June 28, 2012 | Unregistered CommenterAby Garvey

Thanks for joining us, Aby. How wonderful that you plan every morning. I wonder how things will shift for you when you try planning at the end of the day and incorporate the +2, as you mentioned? I'm looking forward to hearing how the experiment goes. Keep us posted.

June 28, 2012 | Unregistered CommenterLinda Samuels

Thanks for the great interview. I bought and read Getting Organized from the Inside Out and actually referred to it in a workshop for my previous (not related to organizing) career years before becoming a professional organizer. It is still one of my "go to" books for anyone looking to get organized.

It is no surprise that I follow many of the principles Julie shares here. I am a big fan of one planner/calendar and writing down everything. If anyone does not have a planner, get one and start using it now. It is the best thing you can do to start getting organized. Write down/enter everything. Including the time (even if it is just 15 minutes) you plan to spend getting organized. = )

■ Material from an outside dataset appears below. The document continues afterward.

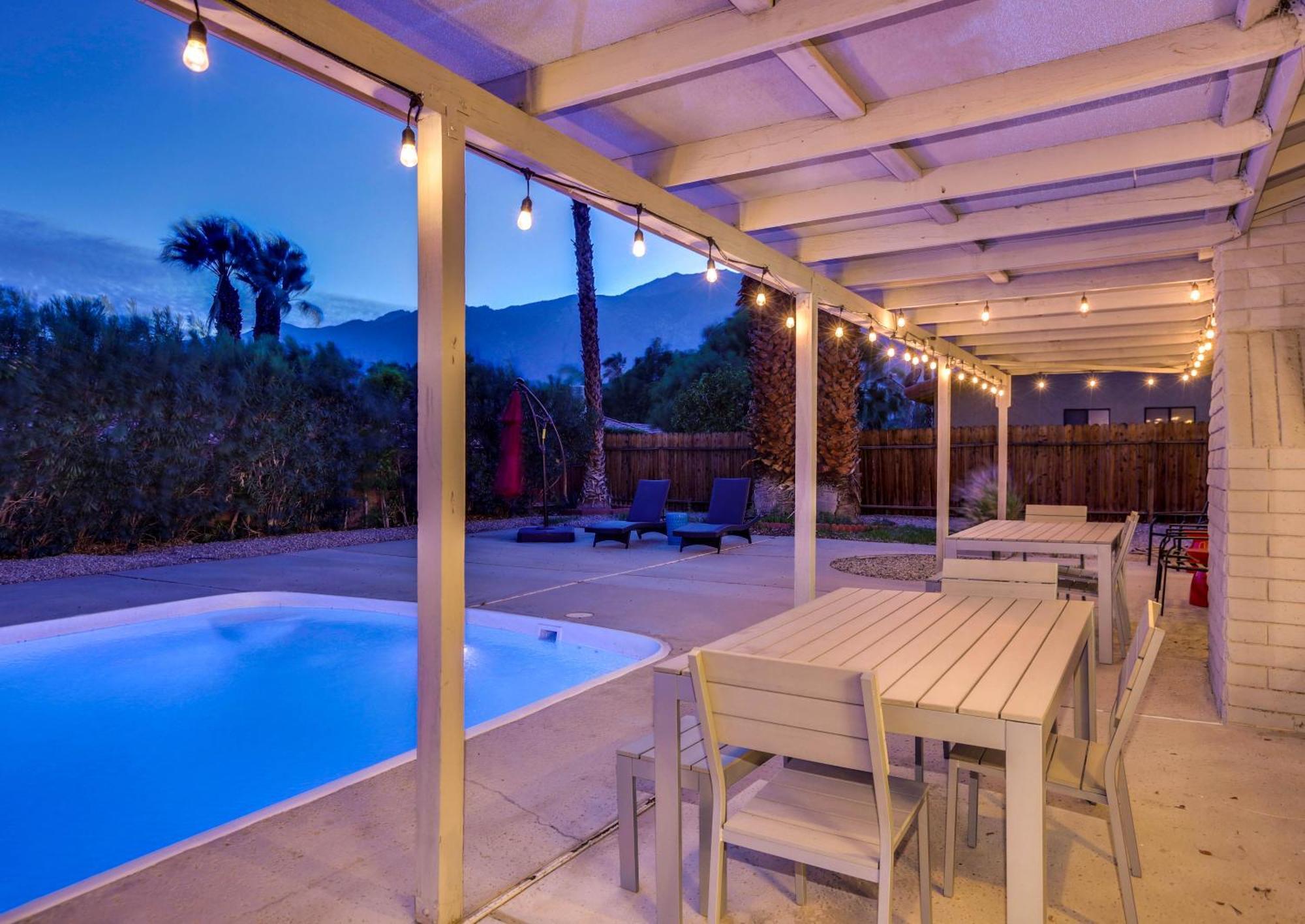 Poolside Living Villa Palm Springs Buitenkant foto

BTW - my last Myers Briggs rating was ESTJ. Me an extrovert, shocking!

-Kim

June 28, 2012 | Unregistered CommenterKim Oser

Fabulous addition to the conversation, Kim! Thank you for joining us. I love the pre-organizing days connection you had with one of Julie's books and your consistency about planner usage.

Not surprised by your MBTI rating. I'm of the Extrovert persuasion too...an ENFJ.

June 28, 2012 | Unregistered CommenterLinda Samuels

Loving the introvert time management connection. Introverts MUST schedule down time. It is without a doubt how they generate energy. Thanks for sharing this insight.

June 28, 2012 | Unregistered CommenterEllen Delap

Linda, I'd have bet my lunch money that you were NF. :-)

June 29, 2012 | Unregistered CommenterJanet Barclay

@Ellen- Isn't it fascinating how a discussion on time management ideas has morphed into the connection with Myers-Brigss understanding? Perhaps that deeper understanding of who we are at the core can help us to figure out how to best use and manage our time.

@Janet- Am I that transparent? Guess so. Not a bad thing. :) ... See what you started, Janet? Love the shift in the conversation. Fabulous!

June 29, 2012 | Unregistered CommenterLinda Samuels

This conversation has been so fun! I am also an introvert, but I love to speak (weird?). Although there is no wishing, whining, or wallowing allowed for my clients (!), mastering personality and styles and having a menu of tools appropriate for different styles is now a priority of mine. I had a client get stuck recently until I switched one of her tools. I was blessed with a correct guess and with having a great tool available. Don't really want to be there again!

June 29, 2012 | Unregistered CommenterShelley

Superb expert interview! Julie has an obvious talent for organising time & offers some great & fresh thinking. My earliest ventures into time & life management were with the classic works of Covey, so its good to read something that both differs yet still make good sense. I enjoyed the 3-day arc idea, as well as the importance of putting a when to your to-do's - such a great reminder, as the lovely Helena Alkhas also pointed out.

Bravo Linda & Julie for bring this engaging topic to us all.